何回でも論文添削!技術士(建設部門・総合技術監理部門)受験 平成26年度 国土交通白書
平成26年度 国土交通白書
 「平成26年度 国土交通白書」にざっと目を通したが,「国土のグランドデザイン2050」を踏襲しただけの印象を受けた.このへん地方創生や国土形成計画など,複数の施策とリンクしているから必然の結果なんだけど.以前のブログ記事「国土のグランドデザイン2050」も再読してみてください. 
 今月1日に総務省が発表した「住民基本台帳に基づく人口動態調査」によると,三大都市圏では東京圏のみが増加を続けており,引用した記事にも書かれている「東京一極集中」は深刻化している状態です.

 太田国土交通相は30日の閣議で、2014年度国土交通白書を提出した。人口減少のペースを緩めるため、東京一極集中を是正し、子育てと仕事が両立しやすい地方への移住を促すべきだと強調した。
 白書は、東京都や大阪府といった都市部では通勤時間が長いなどの要因で、出産・子育てと仕事の両立が難しく「二者択一」を迫られている可能性があると分析。

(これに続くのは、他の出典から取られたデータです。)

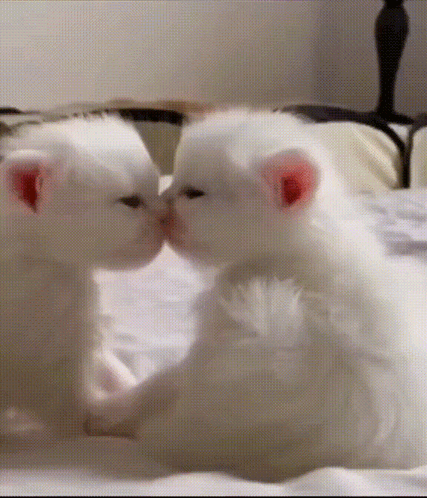 cats kissing meme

 一方、福井県や島根県などで出生率や女性の就業率が高いのは、3世代同居や保育所への入りやすさ、職住近接が影響していると考えられると指摘。地方部では女性が離職せずに出産・子育てできる環境に恵まれているとした。

 共同通信 2015年6月30日:育児と仕事両立の地方移住を促進 14年度の国交白書(下線表記は加工)

 白書では「高齢の世代は,移住に関して総じて満足度が高い」と分析しているが,地方の本音は高齢世代ではなく若者世代に移住してほしいわけだ.白書から逸脱するかもしれないが,首都圏の医療・介護体制が不足するから「なんとか地方でまかなってくれ」という高齢者地方移住策では,それこそ姥捨て山だし,これが地方創生の目玉では二の句が継げない.

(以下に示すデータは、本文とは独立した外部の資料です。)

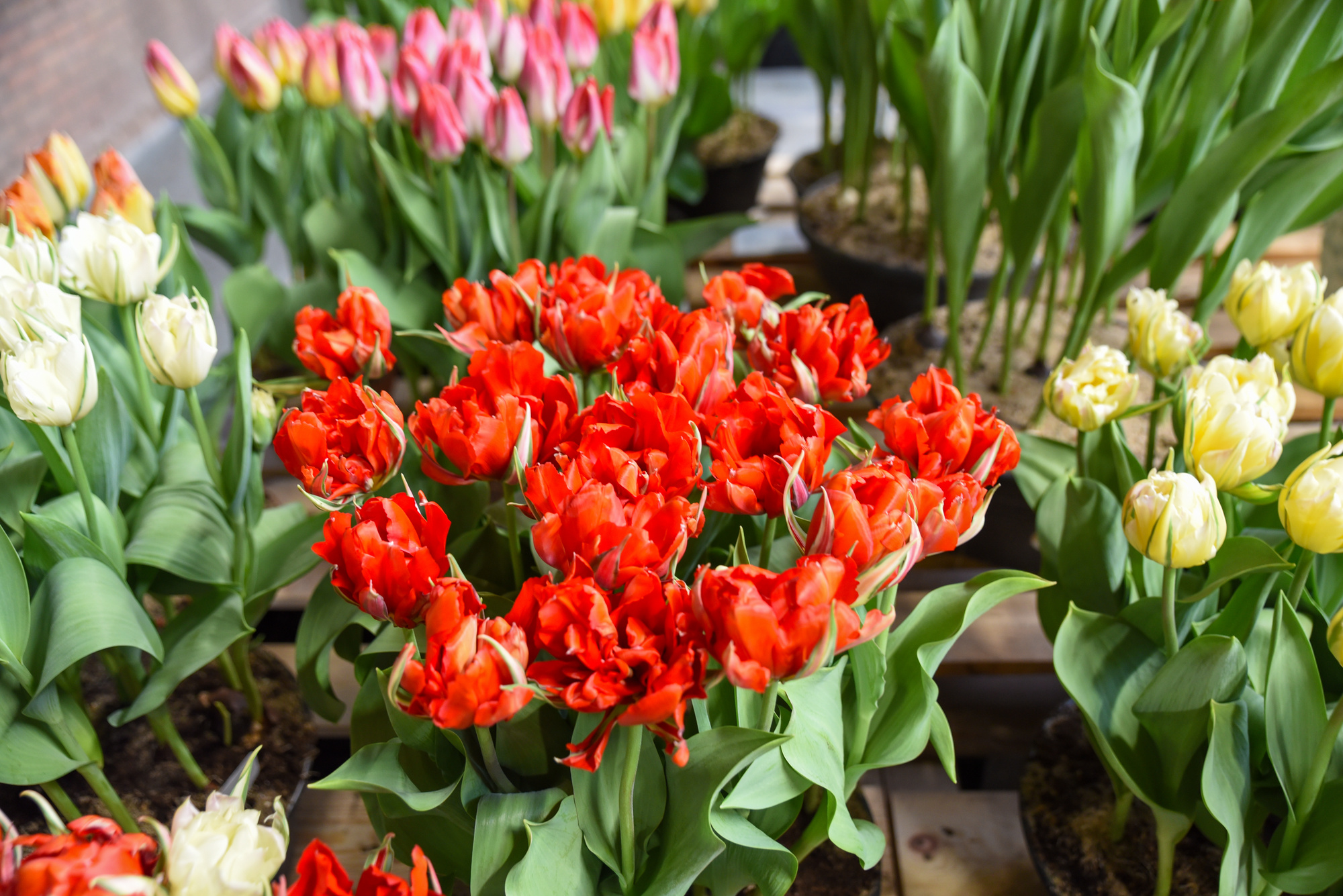 Fosteriana-Tulpen Love Valley Fosteriana-Tulpen Love Valley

 若者世代を移住・定住させるためには,白書に書かれている「就業の場を用意し,買い物環境や交通インフラの充実等,都市的な利便性を一定程度提供する」必要があるし,これらはカネがかかっても地方の優先課題である.こうした基盤整備を後回しにして,場当たり的な若者定住促進補助金や優遇税制などに頼ってしまうと,ふるさと納税と同様に特典競争が過熱し,いずれ地方全体が疲弊してしまうんじゃないか?

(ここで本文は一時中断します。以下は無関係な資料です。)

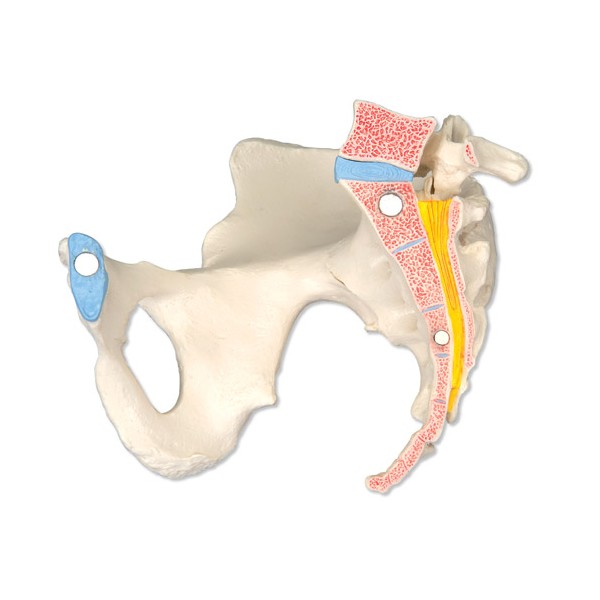 Układ kostny 3B Scientific H20/1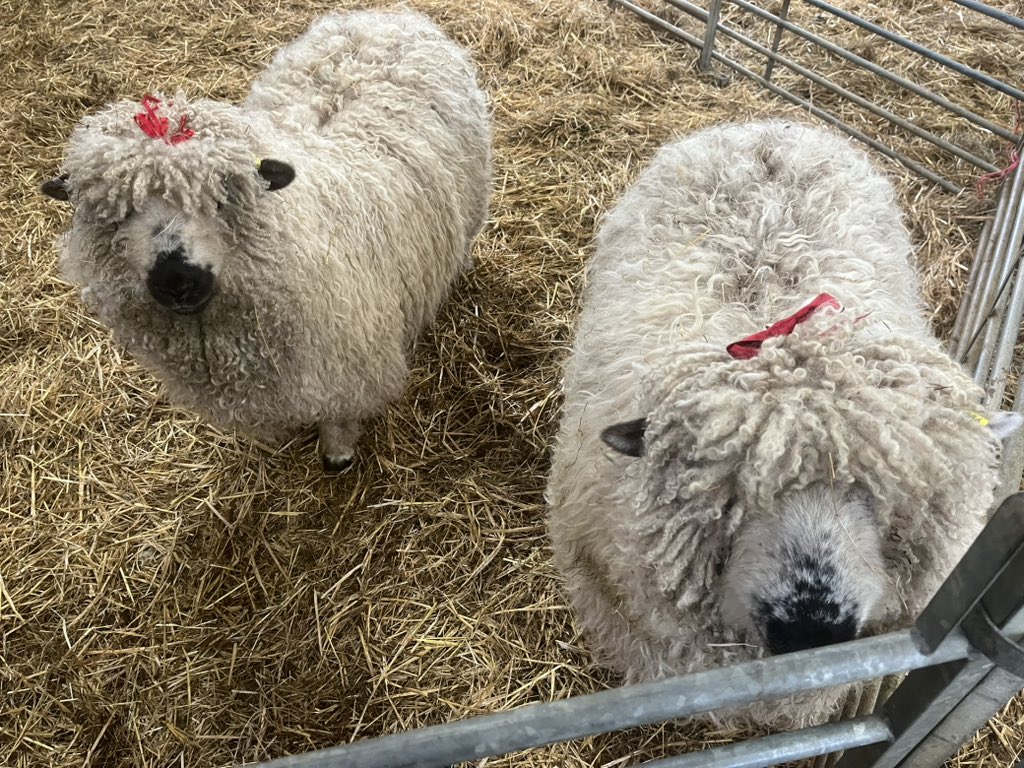 🐑 Farmer Dixon 🐐🐮🐓🐏🌿 tweet media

 作問時期から考えると,平成26年度の白書は今年度の択一式で出題されないと思うので,PDFをわざわざ印刷して全ページ熟読する必要はない.とはいえ,第Ⅱ部に書かれている毎度お決まりの施策については,パソコンやタブレットの画面上で復習しておきましょう.同様に,選択科目Ⅲ(課題解決能力)は,最新の社会的な変化に対する課題の抽出が求められるので,第Ⅰ部もざっと目を通しておくべきだと思う.